Starring: Salman Khan, Saloni Aswani, Kapil Jhaveri
Directed by Sawan Kumar
Rating: ?
"You'll die this Friday." No, that isn't a trade pundit predicting doomsday for this hopelessly loopy and washed-out take on the vagaries of life.
That's just the desi Nostradamus, played by Salman Khan, predicting sure-death for the film's pert heroine (Saloni Aswani).
The film's feverish take on the matters of fate is so hopelessly out of sync with the times, you feel sorry for the perpetrators of this celluloid atrocity.
Poor Salman. He's given the thankless task of shouldering this creative carcass.

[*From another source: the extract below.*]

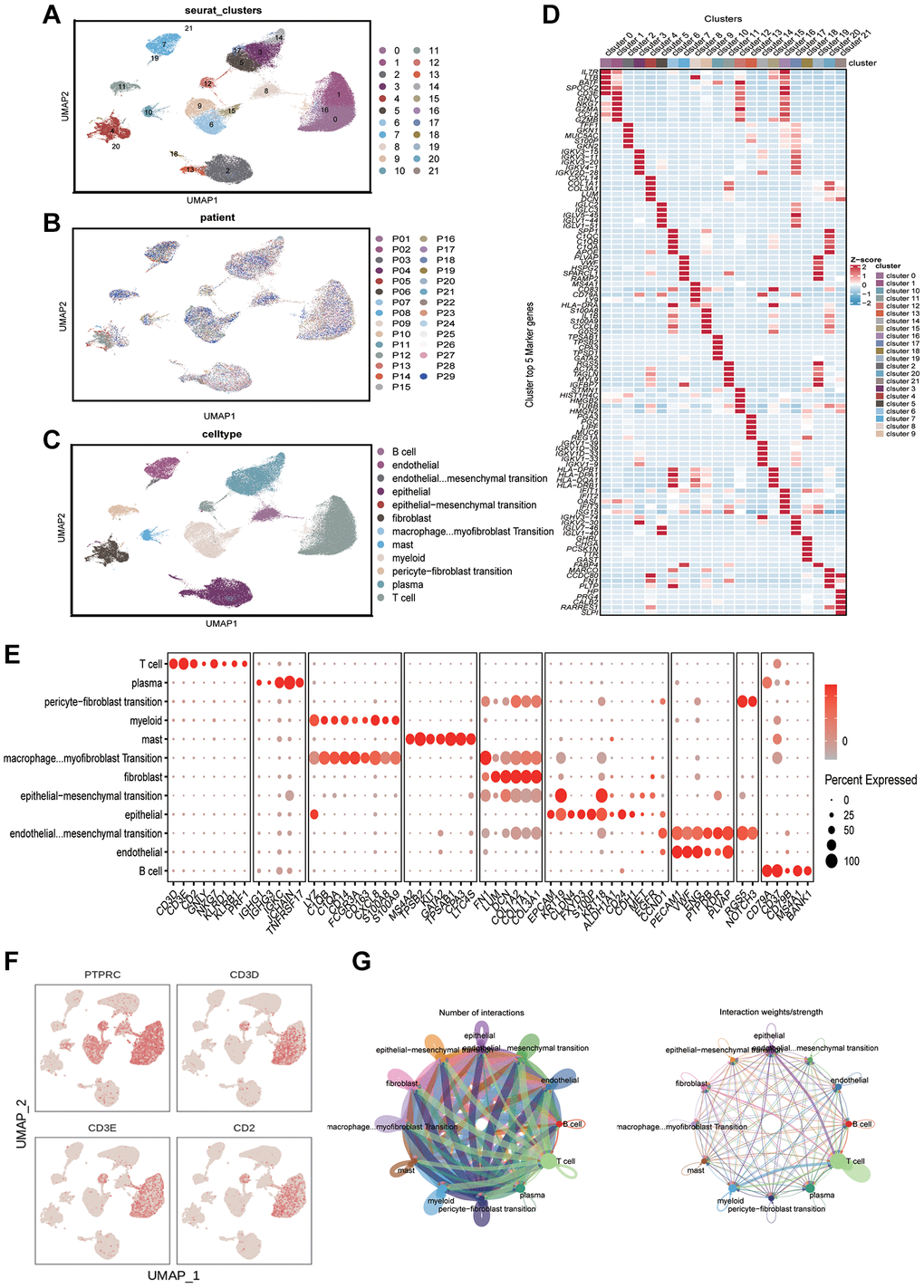 Analyzing the immune microenvironment. (A) Visualization of 21 subclusters based on UMAP algorithm. (B) Display of distribution of cells from different patients after removing batch effects. (C) Mark cell subclusters based on Top 5 genes and classic markers. (D) A heatmap showing the performance of the top five genes for each subclusters. (E) Display of gene expression in different subclusters based on classical cell markers. (F) The “featureplot” function describing the allocation of immune cell marker genes and T cell signature genes in the UMAP dimensionality reduction map. (G) Based on “cellchat” to display the signal strength of intercellular communication.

Not one word of dialogue, one frame in the composition of the shots, or one note in Aadesh Shrivastava's music score serves as an incentive to stay put while Saawan Kumar (the Souten specialist) moves from the Other-Woman theme to the Shudder-Woman theme.

Er, fortune-telling and Einstein? A bit far-fetched. Every time Salman talks to 'God' we see a cloud-burst on the screen which could be that popping sound in our head warning us to leave the theatre before the Friday-calamity gets the better of us.
The series of songs in this supernatural bilge adds to the feeling of a director who lost his way long ago.

The two newcomers (seen earlier in Sawan Kumar's Indo-Pak love story ) struggle to look pristine in their plasticity. Salman, the backbone and the nevercentre of this brain-dead romance, looks more real. You can see the actor making a valiant effort to breathe life into the dead film. But it's a losing battle.
The dialogues seem written on the back of chewing-gum wrappings. The pop-philosophy is so laughable, you wonder why over-the-hill filmmakers don't throw in their towels before they are asked to get off.

Salman's character knows exactly when and where catastrophe is about to strike. Wish he had warned us.